In Drafts, we want to treat the URL and text differently: luckily, Drafts allows us to work with the first line of the text as [[title]]
and the rest as [[body]]
. Because we added two new lines after the URL, we can work with the source URL as a draft’s title, and the quoted text as body.
The first step is building a Dropbox action that uploads the [[body]]
to a new text file. This is up to your own taste, but I like to format my text files with the following file name:
[[date|%m-%d-%Y]][[date| at %I:%M%p]]
(i.e. 2–10–2013 at 3:32 PM)
Then, we want to build the second URL action – the one that will send the URL to Due and tell Due to return to Safari once the reminder has been created (or canceled).
due://x-callback-url/add?title=[[title]]&x-source=Safari&x-success=[[title]]
Again, the action is fairly simple: we’re telling Due to add a reminder with our draft’s title, using “Safari” as the source app, and the title – again, our webpage – as the place where we want to go back.
At this point you may be wondering what happened to the “RunDue” action we called in the Safari bookmarklet. Once I had built the separate Dropbox and Due actions, I started testing them together and I saw I couldn’t manage to get the second action to execute through the bookmarklet. Then I realized – because Drafts lets me create an unlimited number of URL actions to link to other apps or Drafts itself, I could create a third “dumb” action whose only purpose is to call the other two.
And here it is:
drafts://x-callback-url/create?text=[[draft]]&action=DueNote&x-success={{drafts://x-callback-url/create?text=[[draft]]&action=DueDrafts}}
RunDue doesn’t do anything by itself: it simply tells Drafts to run other actions. In this way, we don’t have to take care of x-success
in the bookmarklet because it is specified in RunDue; similarly, we don’t have to think about encoding, because RunDue will do it using the curly brackets for the second action. And more importantly, because our three actions are all separate, we can go two levels deep with x-success
: the first x-success
tells Drafts to load a second action, and the second one tells Due to go back to Safari. It is, essentially, a callback within a callback.

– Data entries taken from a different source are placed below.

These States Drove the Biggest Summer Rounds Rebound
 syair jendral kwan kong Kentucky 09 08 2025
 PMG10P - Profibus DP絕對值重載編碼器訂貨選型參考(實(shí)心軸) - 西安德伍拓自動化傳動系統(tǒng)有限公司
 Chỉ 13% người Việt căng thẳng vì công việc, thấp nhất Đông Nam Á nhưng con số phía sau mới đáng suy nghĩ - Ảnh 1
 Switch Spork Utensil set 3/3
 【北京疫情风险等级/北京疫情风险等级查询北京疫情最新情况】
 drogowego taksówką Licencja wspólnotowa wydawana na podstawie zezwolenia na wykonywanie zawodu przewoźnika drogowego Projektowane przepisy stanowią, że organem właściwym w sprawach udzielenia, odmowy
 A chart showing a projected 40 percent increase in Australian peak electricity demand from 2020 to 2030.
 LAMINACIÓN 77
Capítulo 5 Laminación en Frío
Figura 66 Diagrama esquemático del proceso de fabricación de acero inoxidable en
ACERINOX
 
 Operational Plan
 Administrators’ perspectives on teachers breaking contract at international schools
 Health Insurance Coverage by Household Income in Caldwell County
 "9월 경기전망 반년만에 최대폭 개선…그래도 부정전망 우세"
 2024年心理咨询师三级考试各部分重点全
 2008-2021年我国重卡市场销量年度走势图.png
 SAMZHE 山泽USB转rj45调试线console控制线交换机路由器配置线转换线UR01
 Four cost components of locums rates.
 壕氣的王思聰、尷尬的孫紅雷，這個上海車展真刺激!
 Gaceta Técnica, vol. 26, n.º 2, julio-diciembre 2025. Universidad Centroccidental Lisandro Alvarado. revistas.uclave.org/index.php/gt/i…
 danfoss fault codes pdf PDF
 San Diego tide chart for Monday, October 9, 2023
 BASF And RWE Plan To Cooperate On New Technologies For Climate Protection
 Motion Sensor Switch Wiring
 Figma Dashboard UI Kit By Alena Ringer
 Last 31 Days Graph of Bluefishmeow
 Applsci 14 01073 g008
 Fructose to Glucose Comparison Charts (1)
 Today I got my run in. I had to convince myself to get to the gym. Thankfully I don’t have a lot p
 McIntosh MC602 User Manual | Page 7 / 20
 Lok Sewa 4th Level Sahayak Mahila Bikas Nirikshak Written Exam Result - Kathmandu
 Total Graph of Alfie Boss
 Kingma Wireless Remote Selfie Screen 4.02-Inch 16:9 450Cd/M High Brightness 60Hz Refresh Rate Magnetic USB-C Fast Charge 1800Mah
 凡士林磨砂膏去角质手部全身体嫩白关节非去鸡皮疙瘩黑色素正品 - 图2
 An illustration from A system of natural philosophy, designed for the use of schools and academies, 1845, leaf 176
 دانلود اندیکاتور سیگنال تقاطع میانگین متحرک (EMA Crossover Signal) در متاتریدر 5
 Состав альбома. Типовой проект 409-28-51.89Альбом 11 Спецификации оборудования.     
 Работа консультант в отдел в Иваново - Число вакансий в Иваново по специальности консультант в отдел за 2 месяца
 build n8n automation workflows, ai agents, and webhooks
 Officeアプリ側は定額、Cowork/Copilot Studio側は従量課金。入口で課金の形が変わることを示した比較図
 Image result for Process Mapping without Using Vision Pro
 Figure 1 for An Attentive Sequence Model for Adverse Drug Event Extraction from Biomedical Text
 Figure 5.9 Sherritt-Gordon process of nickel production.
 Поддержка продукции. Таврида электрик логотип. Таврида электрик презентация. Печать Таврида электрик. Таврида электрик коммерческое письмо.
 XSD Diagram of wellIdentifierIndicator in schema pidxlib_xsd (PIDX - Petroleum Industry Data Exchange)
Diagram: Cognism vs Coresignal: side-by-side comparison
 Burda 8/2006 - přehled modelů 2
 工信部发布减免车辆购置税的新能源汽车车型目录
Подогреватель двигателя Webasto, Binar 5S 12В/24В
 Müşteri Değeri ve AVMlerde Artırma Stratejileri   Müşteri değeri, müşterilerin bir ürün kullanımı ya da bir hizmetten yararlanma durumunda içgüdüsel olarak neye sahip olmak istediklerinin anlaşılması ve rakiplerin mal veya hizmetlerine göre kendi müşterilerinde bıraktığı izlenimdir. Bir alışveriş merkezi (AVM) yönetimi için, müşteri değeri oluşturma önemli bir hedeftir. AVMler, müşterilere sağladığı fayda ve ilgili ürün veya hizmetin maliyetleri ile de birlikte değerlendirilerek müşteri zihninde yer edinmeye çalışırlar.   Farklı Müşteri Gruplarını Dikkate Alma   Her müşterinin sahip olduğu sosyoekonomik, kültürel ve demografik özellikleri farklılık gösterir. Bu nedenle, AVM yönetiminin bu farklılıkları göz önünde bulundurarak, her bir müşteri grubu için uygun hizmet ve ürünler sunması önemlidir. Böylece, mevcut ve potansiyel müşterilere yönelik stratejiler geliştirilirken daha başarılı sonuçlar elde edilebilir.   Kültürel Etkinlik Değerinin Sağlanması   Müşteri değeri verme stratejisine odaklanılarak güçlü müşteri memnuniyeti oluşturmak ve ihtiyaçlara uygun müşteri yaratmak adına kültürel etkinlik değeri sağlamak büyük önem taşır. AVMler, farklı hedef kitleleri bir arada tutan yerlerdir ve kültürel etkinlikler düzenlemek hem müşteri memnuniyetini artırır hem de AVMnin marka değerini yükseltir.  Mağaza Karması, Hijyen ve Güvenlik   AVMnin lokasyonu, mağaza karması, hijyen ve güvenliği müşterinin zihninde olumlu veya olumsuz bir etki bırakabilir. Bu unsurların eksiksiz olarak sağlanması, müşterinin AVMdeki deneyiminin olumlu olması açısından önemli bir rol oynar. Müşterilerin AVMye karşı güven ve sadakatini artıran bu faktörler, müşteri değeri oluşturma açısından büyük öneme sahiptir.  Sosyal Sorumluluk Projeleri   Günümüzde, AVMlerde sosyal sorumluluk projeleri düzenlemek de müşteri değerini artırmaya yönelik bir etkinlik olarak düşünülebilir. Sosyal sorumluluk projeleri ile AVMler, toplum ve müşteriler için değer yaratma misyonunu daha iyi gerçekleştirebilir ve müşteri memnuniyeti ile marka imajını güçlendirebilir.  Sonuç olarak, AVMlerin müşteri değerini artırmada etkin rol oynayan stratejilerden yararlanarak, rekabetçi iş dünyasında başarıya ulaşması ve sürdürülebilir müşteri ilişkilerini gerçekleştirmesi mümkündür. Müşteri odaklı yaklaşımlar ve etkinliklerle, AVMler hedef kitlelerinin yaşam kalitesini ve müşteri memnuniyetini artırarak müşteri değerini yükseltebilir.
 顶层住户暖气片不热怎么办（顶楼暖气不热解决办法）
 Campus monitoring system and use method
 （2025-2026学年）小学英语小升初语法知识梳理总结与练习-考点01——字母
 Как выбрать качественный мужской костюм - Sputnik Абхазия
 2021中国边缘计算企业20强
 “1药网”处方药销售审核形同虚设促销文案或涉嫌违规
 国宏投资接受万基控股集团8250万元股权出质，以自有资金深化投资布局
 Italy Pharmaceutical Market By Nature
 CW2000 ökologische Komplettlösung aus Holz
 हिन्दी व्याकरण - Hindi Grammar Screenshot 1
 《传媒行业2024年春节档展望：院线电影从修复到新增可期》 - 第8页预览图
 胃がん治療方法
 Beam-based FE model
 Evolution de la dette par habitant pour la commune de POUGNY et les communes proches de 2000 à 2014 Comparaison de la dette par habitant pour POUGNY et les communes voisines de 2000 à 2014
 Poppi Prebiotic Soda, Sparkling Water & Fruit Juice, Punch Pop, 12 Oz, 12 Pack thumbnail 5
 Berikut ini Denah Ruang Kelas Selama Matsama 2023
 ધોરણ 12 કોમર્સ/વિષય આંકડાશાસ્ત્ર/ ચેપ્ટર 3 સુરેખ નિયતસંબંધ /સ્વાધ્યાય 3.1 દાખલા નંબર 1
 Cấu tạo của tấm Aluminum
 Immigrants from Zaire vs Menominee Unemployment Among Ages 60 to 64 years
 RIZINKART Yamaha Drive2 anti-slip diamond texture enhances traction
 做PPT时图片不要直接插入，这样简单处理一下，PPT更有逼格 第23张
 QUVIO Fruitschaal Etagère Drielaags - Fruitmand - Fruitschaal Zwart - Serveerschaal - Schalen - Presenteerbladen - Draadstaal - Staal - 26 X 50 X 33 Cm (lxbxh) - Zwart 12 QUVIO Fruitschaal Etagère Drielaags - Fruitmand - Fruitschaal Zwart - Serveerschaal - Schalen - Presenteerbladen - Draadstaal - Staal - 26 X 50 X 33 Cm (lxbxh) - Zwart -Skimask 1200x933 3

I made a video to show the workflow in action. As you can see, you can also add additional text in Due before the URL (example: “check this out”), and Due will still ask you to go back to Safari.
Obviously, you can take this system and apply it to the actions and apps that you prefer. You could replace Dropbox with Evernote; you could swap Due with any other app that supports x-callback-url; you could choose to append text to a Dropbox file instead of creating a new one, and then open Notesy to view that specific file using the Notesy URL scheme.
Using this system of “actions” and “calling actions”, you could, in theory, go beyond my threshold of 3 apps and 4 tasks and build even more complex workflows. If you do, I’d love to check them out.